Network Rail, the authority responsible for the operation of the UK’s rail network, missed all of its punctuality targets for the last 12 months in England and Wales, according to figures issued by the UK government’s rail regulator.
Due to its shortcomings (or should that be late-comings?) Network Rail could now face government-imposed penalties of as much as £75 million for its performance up until year end March 31, 2013. Official figures from the Office of Rail Regulation (ORR) showed a decline in train punctuality of 0.7 percent on the previous year, to 90.9 percent from 91.6 percent.
The ORR had set a target of 92.7 percent for London and the southeast, which Network Rail missed by 1.7 percent.
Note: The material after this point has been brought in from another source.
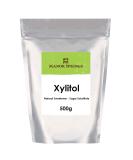 Xylitol Sweetener 500g Natural Sweetener Sugar Substitute Gluten Free Keto Friendly Non-GMO - Buy Online on GoSupps.com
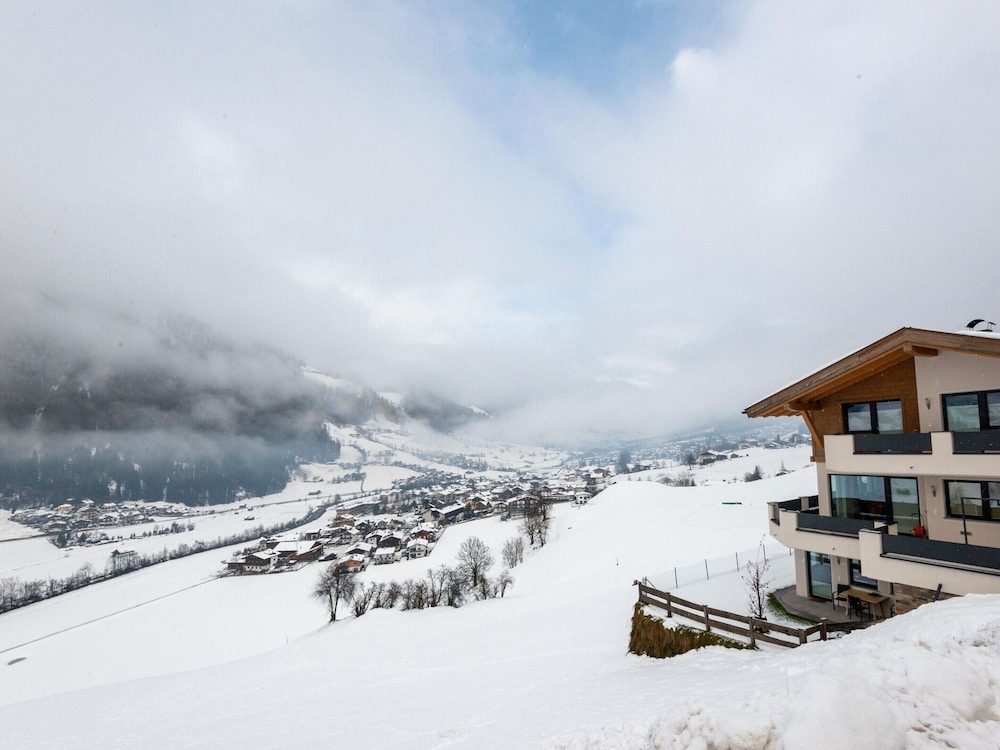 Apartment in Stubai Valley With Mountain View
Long distance services fared even worse, with regions including Virgin’s West Coast Mainline, falling 4.5 percent short of the regulator’s 87 percent target.
Commenting for Virgin Rail Group, its chief executive, Tony Collins, said, ‘Network Rail has consistently failed to deliver what it is contracted to deliver. That has directly affected customers’ experience, and their impression of rail travel. So any penalties levied on Network Rail should be in the form of tangible improvements that customers benefit from. There is really no benefit to Network Rail, customers or VRG in having money leave the industry.’
Virgin rail added that 70 percent of delays were the result of issues with infrastructure, which were Network Rail’s responsibility.
In its defence, Network Rail said that it had spent £5 billion on renewal and extension of the UK’s rail network in 2012/13. Patrick Butcher, its Group finance director, said, ‘The challenge we have faced over the last year, and will continue to face in the years ahead, is one of success – more people wanting to use more trains, more of the time. Over the last 12 months we have invested an unprecedented amount in growing and expanding the rail network through over 2,000 projects nationwide.
‘However, the economic times in which we live mean that alongside delivering new capacity we need to keep a constant drive for improved efficiency. Our overall financial performance remains strong and we are on track to deliver over £5bn of cost savings for the five years to 2014.’